EXERCISE BRIEF: Every entry is to be written out word for word.

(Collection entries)
--*--

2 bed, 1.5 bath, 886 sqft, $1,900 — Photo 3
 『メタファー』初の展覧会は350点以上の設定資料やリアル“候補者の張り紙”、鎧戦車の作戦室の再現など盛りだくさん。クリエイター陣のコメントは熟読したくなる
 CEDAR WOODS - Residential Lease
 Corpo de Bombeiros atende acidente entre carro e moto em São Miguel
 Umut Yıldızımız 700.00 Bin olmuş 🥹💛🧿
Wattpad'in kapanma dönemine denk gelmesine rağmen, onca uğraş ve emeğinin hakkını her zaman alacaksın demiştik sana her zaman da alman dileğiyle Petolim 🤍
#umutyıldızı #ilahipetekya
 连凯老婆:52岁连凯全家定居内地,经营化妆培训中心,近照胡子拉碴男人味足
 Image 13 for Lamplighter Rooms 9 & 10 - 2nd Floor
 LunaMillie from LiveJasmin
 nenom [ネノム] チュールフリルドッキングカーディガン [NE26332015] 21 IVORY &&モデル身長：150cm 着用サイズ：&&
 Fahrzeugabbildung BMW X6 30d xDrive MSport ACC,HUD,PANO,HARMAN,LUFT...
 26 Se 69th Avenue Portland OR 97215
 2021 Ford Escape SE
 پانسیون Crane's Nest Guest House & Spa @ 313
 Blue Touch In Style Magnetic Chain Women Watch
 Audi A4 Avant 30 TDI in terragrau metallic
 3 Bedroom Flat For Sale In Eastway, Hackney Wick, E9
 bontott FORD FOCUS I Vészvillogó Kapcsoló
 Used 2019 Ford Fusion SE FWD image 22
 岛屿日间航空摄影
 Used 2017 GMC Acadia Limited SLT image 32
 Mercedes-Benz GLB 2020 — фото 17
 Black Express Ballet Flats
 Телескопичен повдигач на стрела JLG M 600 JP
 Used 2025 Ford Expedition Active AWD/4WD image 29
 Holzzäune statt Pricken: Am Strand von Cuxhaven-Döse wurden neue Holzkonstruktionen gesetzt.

--*--

EXPECTED ANSWER:
2 bed, 1.5 bath, 886 sqft, $1,900 — Photo 3
 『メタファー』初の展覧会は350点以上の設定資料やリアル“候補者の張り紙”、鎧戦車の作戦室の再現など盛りだくさん。クリエイター陣のコメントは熟読したくなる
 CEDAR WOODS - Residential Lease
 Corpo de Bombeiros atende acidente entre carro e moto em São Miguel
 Umut Yıldızımız 700.00 Bin olmuş 🥹💛🧿
Wattpad'in kapanma dönemine denk gelmesine rağmen, onca uğraş ve emeğinin hakkını her zaman alacaksın demiştik sana her zaman da alman dileğiyle Petolim 🤍
#umutyıldızı #ilahipetekya
 连凯老婆:52岁连凯全家定居内地,经营化妆培训中心,近照胡子拉碴男人味足
 Image 13 for Lamplighter Rooms 9 & 10 - 2nd Floor
 LunaMillie from LiveJasmin
 nenom [ネノム] チュールフリルドッキングカーディガン [NE26332015] 21 IVORY &&モデル身長：150cm 着用サイズ：&&
 Fahrzeugabbildung BMW X6 30d xDrive MSport ACC,HUD,PANO,HARMAN,LUFT...
 26 Se 69th Avenue Portland OR 97215
 2021 Ford Escape SE
 پانسیون Crane's Nest Guest House & Spa @ 313
 Blue Touch In Style Magnetic Chain Women Watch
 Audi A4 Avant 30 TDI in terragrau metallic
 3 Bedroom Flat For Sale In Eastway, Hackney Wick, E9
 bontott FORD FOCUS I Vészvillogó Kapcsoló
 Used 2019 Ford Fusion SE FWD image 22
 岛屿日间航空摄影
 Used 2017 GMC Acadia Limited SLT image 32
 Mercedes-Benz GLB 2020 — фото 17
 Black Express Ballet Flats
 Телескопичен повдигач на стрела JLG M 600 JP
 Used 2025 Ford Expedition Active AWD/4WD image 29
 Holzzäune statt Pricken: Am Strand von Cuxhaven-Döse wurden neue Holzkonstruktionen gesetzt.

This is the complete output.